A Leeds veteran has received France’s highest military award for his service in liberating the country during the Second World War.
Dr Ronald Fearn, 92, from Cookridge, was awarded the Légion d’honneur as part of a move by the French government to mark 70 years since D-Day.
The merit has been offered to all British veterans who fought to wrest France from Nazi rule between 1944 and 1945. At the time Dr Fearn served as a sapper in the Royal Engineers and was involved in missions to deceive the enemy before the Normandy Landings.
Following the invasion, he was sent to France to continue subversive operations.
He was sent the medal after applying online through the Ministry of Defence.
He said: “It arrived about a fortnight ago along with a letter from the French ambassador.

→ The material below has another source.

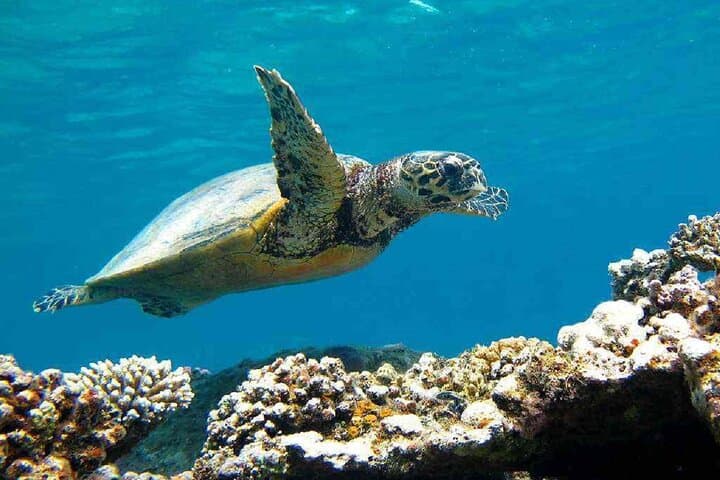 Full-Day Abu Dabbab Beach Snorkel from Hurghada — Sea Turtles & Lunch photo 2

“I was told that I could have the medal presented to me at a ceremony at the ambassador’s residence in London but I don’t think I will pursue that.
“I don’t look upon this merit as a personal honour but as a reflection of what the French think of my comrades, many of whom lost their lives.”
Following demobilisation at the end of the war, Dr Fearn remained in service for two years, where he rose to the rank of captain. After leaving the military he became a lecturer at the Leeds Polytechnic School of Architecture and Landscape, where he specialised in acoustics and music.
As a physicist, he has had numerous articles and studies published in science journals and has also written a series of books detailing the complicated practice of restoring old violins.
Since June 2014 more than 4,000 servicemen have received the Légion d’honneur.